This study leverages the WUSTL_2018^[30]1) and WUSTL-IIoT-2021^[5]2): datasets for the attack traffic, comprising IIoT network data for cybersecurity research. The dataset includes various IoT attacks, such as distributed denial of service, command injection, backdoors, and reconnaissance. The WUSTLIIoT-2021 dataset size is approximately 2.7 GB and covers about 53 hours of data samples. It was generated using the IIoT testbed^[5], designed to closely mimic real-world industrial systems and enable the execution of authentic cyber-attacks. The model experimentation was with total data observations of the 1,194,464, 1,107,448 normal samples, 87,016 attack samples, and 41 data features split using the train-test-split modules in Keras and Scikit-learn in the proportion of training (60%), testing (25%), and validation (15%), respectively, for reproducibility. The dataset was selected based on its relevance to cyberattacks in IIoT networks. Table 1 shows the dataset attack descriptions.

1) https://www.cse.wustl.edu/jain/iiot/index.html

2) https://ieee-dataport.org/documents/wustl-iiot-2021

The simulation environment is a system equipped with an Intel Core i5-8500 CPU @3.00GHz and 8GB RAM, using Python 3.0. This study evaluated the Decision Tree, Random Forest, Naive Bayes, and Deep Neural Network (DNN) due to their significance and dominance in classification problems. Moreover, it established notable performance in processing large, complex, and noisy data^[10,21]. The choice of the four (4) representative algorithms hinges on their established performance^[8,10,15]>.

Table 1.

Statistical Details of the Evaluated WUSTL-IIoT-2021 and WUSTL-2018 Datasets

4.2 Summary of Evaluation

Fig. 2 is a heatmap visually comparing the feature importance rankings between the original and the variation of the decision tree and random forest models in binary classification. A side-by-side comparison of the degree of feature importance rankings between the original and the varied model with the purple color representing the higher distribution. Similarly, is provided in Fig. 3 measuring the feature importance rankings of the naive bayes and deep neural networks. It distinguishes the degree of the feature importance rankings by the evaluated variant and original models. Notably, a high degree of variability represented in yellow shows the instability of the naive bayes and DNN in IIoT data. Each feature shows how its importance value differs between the initial and variation scenarios. The higher importance value indicates that the feature substantially influences the model’s predictions. Comparing these values in the heatmap enables insights into how changes in the model or data affect the relative importance of features.

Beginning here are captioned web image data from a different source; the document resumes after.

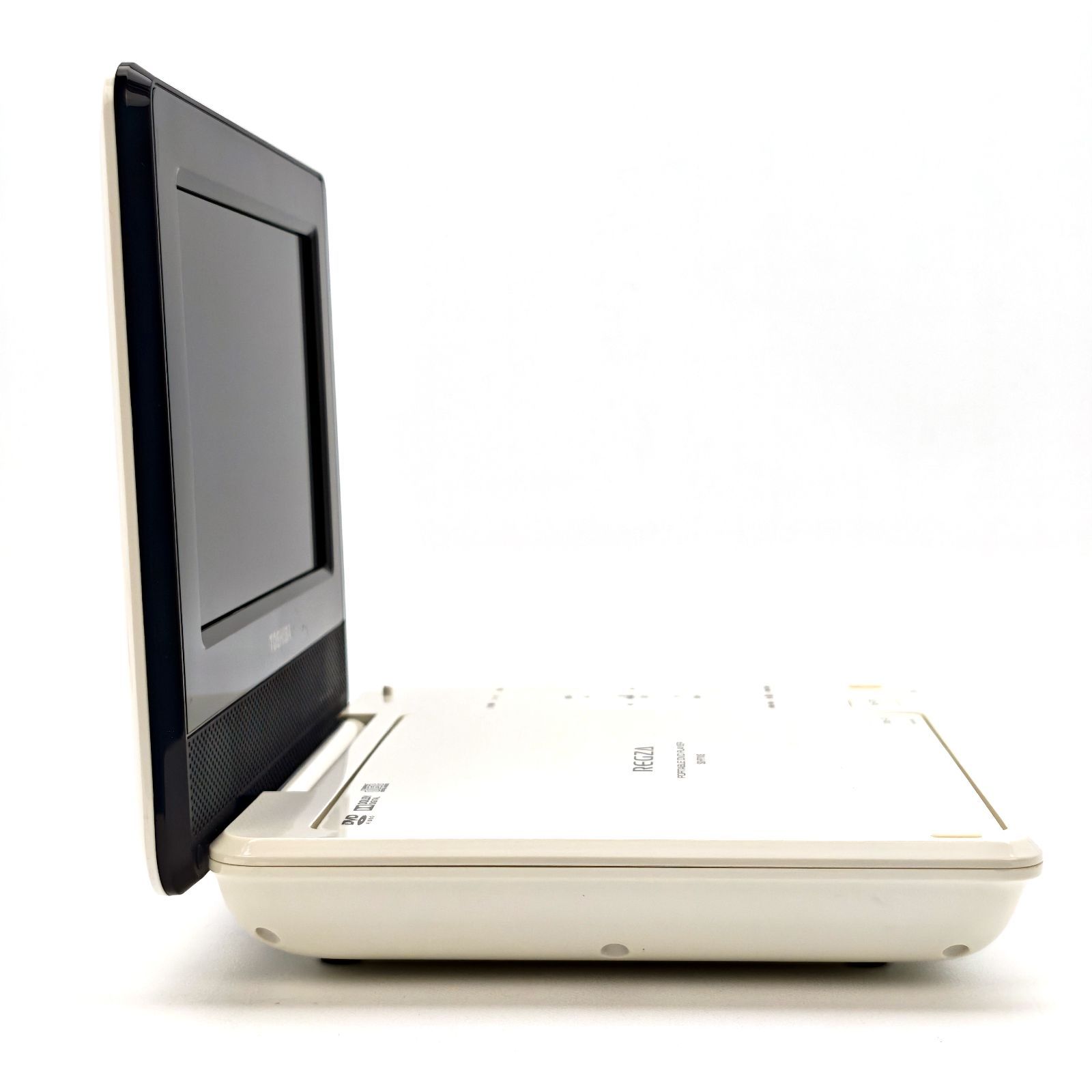 東芝 TOSHIBA REGZA SD-P710SW 7インチ液晶搭載ポータブルDVD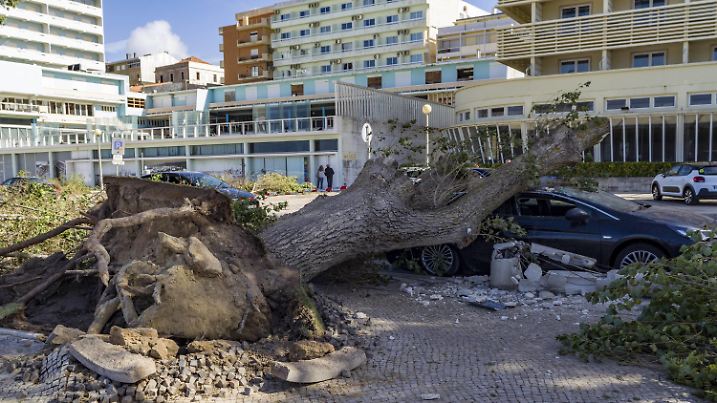 Hurricane Leslie - Estragos Figueira da Foz Figueira da Foz, 14/14/18 - Report on the damage caused by Hurricane Leslie in the city of Figueira da Foz In the Photo: Vehicle destroyed by the tree fall and lamp post Public on 25 de Abril Avenue PUBLICATIONxINxGERxSUIxAUTxONLY FernandoxFontes  
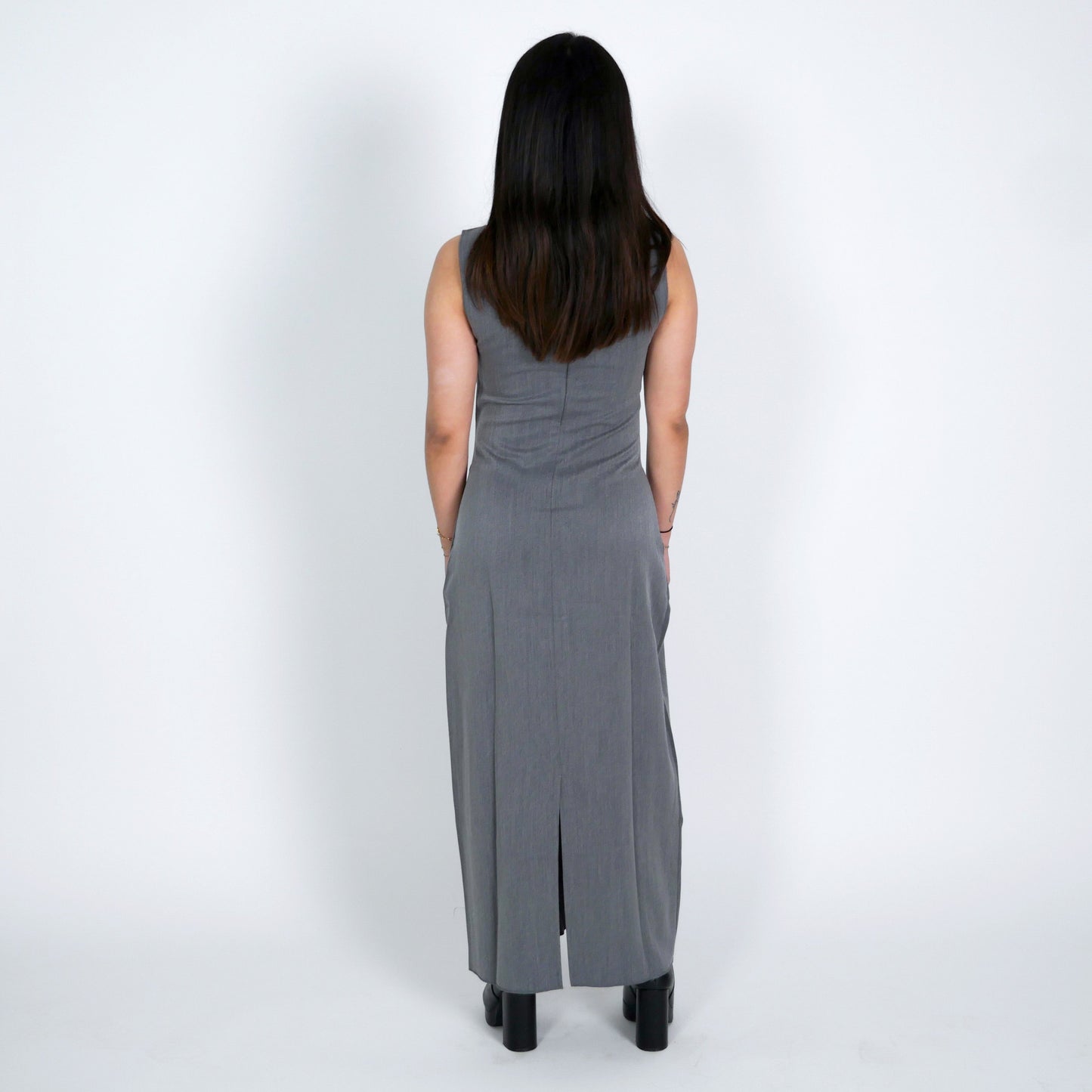 Long gray sleeveless dress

Analyzing the feature rankings of the evaluated models in CSI performance in a multi-class scenario, Fig. 4 and Fig. 5 illustrate the degree of stability by the decision tree, random forest, naive bayes, and DNN algorithms. The decision tree and random forest algorithms demonstrated a high proportion of feature ranking stability over the other compared algorithms. The consistency in the heatmap color shows its level of stability with a few color variations in yellow and blue. It affirms the suitability of the tree algorithms as choice candidates for IIoT anomaly/intrusion detection. The proportion of variability demonstrated by the color contrasts exhibited by the naive bayes and DNN confirms its unsuitability for heterogeneous IIoT sensor data. Consequently, the consistency in the stability of the decision tree, particularly for the multiclass classification validates its applicability in a highly complex scenario like IIoT, in contrast to the instability displayed by the random forest, naive bayes, and DNN evidenced by the variability in coloration, especially for multi-class classification. The comparative analysis shows the performance of the evaluated models regarding the significance of the data features and their rankings in IIoT intrusion detection.

Fig. 2.

Heatmap showing the comparison of the feature importance rankings between the original and the varied compared models of the decision tree and random forest in the WUSTL-2018 dataset scenario.

Fig. 3.

Heatmap showing the comparison of the feature importance rankings between the original and the varied compared models of naive bayes and deep neural networks in the WUSTL-2018 dataset scenario.

Fig. 4.

Heatmap comparing the feature importance rankings between the original and the varied compared models of the decision tree and random forest in the WUSTL-IIoT-2021 dataset scenario.

Fig. 5.

Heatmap comparing the feature importance rankings between the original and the varied compared models of naive bayes and deep neural networks in the WUSTL-IIoT-2021 dataset scenario.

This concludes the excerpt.